The sum of labour power and productiveness development charges is known as the required actual GDP development price – required to maintain the unemployment price fixed.
Keep in mind that labour productiveness development (actual GDP per particular person employed) reduces the necessity for labour for a given actual GDP development price whereas labour power development provides staff that must be accommodated for by the actual GDP development (for a given productiveness development price).
So within the instance, the required actual GDP development price is 3 per cent each year and so the precise actual GDP development can be equal to this required actual GDP development price. In different phrases, the unemployment price will stay unchanged.
Unemployment would nonetheless be rising however the price of unemployment shall be fixed.
The present nationwide accounts and labour power information tells us that;
- Annual labour power development is round 1.9 per cent (averaged since 2000).
- Annual Labour productiveness development was 0.7 per cent within the September-quarter 2025.
- The required annual GDP development price is thus 2.6 per cent.
- Annual Actual GDP development was 2.1 per cent within the September-quarter 2025.
The info means that over the following 12 months the unemployment price will rise by round 0.5 factors on the present trajectory.
Conclusion
Keep in mind that the Nationwide Accounts information is three months previous – a rear-vision view – of what has handed and to make use of it to foretell future developments shouldn’t be simple.
The Australian financial system grew by 0.4 per cent within the September-quarter 2025 (down from 0.6 per cent) and by 2,1 per cent (up from 1.8) over the 12 months.
Family consumption expenditure development weakened whereas private and non-private funding was stronger.
The 0.4 level general authorities contribution was the distinction between zero development and the constructive end result recorded.
At this development price, the unemployment price is more likely to rise.

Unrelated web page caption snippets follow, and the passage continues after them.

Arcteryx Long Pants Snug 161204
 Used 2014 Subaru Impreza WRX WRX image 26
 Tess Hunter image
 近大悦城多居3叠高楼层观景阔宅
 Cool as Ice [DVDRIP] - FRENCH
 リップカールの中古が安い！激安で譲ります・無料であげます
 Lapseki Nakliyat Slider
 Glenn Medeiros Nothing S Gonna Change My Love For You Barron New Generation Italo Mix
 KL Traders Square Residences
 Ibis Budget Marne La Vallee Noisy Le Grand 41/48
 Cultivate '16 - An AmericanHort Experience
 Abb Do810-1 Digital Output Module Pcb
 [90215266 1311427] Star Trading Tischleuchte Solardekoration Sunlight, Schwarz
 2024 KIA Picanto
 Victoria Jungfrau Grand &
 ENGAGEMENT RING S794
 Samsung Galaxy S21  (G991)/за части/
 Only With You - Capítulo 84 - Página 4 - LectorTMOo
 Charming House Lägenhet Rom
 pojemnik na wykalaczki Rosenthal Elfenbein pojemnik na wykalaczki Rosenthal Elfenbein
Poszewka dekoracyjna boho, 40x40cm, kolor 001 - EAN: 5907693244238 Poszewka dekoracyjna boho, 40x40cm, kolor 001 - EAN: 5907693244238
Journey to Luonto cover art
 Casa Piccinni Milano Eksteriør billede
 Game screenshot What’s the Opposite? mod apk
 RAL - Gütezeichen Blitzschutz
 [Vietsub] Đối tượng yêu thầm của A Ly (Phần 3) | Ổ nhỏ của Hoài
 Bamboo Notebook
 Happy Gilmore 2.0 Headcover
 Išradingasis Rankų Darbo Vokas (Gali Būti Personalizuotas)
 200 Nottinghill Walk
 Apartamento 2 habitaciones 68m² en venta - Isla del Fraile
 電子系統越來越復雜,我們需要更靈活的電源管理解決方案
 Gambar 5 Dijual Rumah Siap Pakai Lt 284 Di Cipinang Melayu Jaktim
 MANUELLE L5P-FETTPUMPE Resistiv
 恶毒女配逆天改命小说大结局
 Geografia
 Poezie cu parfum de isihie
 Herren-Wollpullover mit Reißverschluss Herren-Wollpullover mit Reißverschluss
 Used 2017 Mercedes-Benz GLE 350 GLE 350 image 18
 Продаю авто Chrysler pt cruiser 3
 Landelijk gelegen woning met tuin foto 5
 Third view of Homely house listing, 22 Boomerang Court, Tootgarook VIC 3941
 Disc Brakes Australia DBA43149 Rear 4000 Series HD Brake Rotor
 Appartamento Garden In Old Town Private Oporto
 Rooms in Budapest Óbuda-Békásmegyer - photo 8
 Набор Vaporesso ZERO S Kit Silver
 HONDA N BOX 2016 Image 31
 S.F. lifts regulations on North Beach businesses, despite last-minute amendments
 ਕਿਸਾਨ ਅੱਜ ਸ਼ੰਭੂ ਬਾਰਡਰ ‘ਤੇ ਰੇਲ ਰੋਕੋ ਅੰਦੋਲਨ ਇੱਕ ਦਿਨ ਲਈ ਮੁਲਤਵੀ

Clarification on terminology
I advocated a degrowth technique for the worldwide financial system general on condition that our footprint is 1.7 occasions the capability of the biosphere to regenerate.
To attain that technique, on condition that many poorer nations should proceed to develop, would require somewhat substantial minimize backs in spending and consumption within the richer nations.
Once I analyse the Nationwide Accounts information or any expenditure/output information, I write as if development is ‘good’.
However that terminology is used within the context that with out financial development and with none substantial shifts in earnings distribution and authorities transition insurance policies, making an attempt to pursue a recessionary technique would injury the weakest members of our society disproportionately.
In some respects, I’m abstracting from the damaging actuality of our ecological footprint.
That’s sufficient for at the moment!